What you return should be the complete listing, unchanged, with no pictures in it.
┌─ Provided material
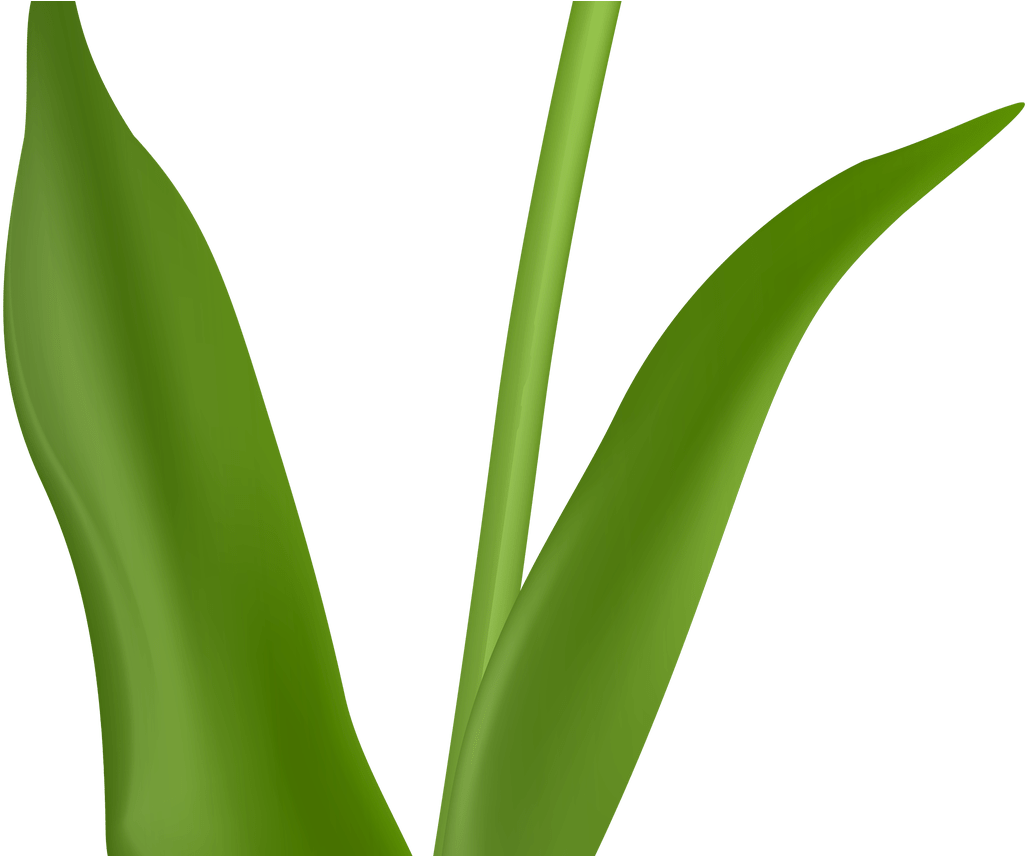 Red Tulip Transparent Png Image Jokingartcom Tulip - Red Tulip Transparent Png Image Jokingartcom Tulip (1368x855)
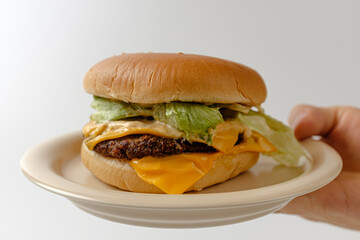 hamburger on a white background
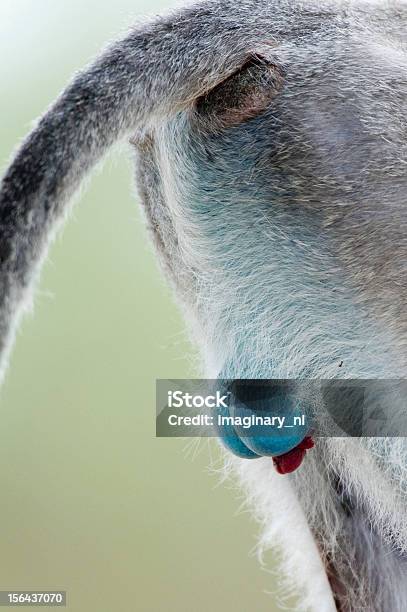 Foto de Nova Bolas Por Favor e mais fotos de stock de Macaco Vervet - Macaco Vervet, Azul, Nádega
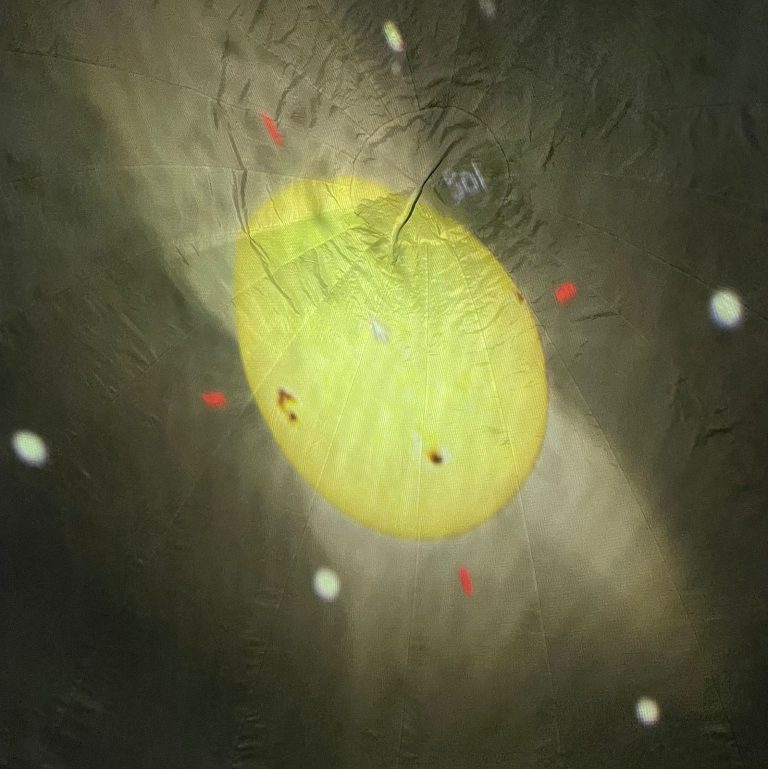 WhatsApp Image 2025-07-24 at 2.39.51 PM (2)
└─
* [Written response]
 Red Tulip Transparent Png Image Jokingartcom Tulip - Red Tulip Transparent Png Image Jokingartcom Tulip (1368x855)
 hamburger on a white background
 Foto de Nova Bolas Por Favor e mais fotos de stock de Macaco Vervet - Macaco Vervet, Azul, Nádega
 WhatsApp Image 2025-07-24 at 2.39.51 PM (2)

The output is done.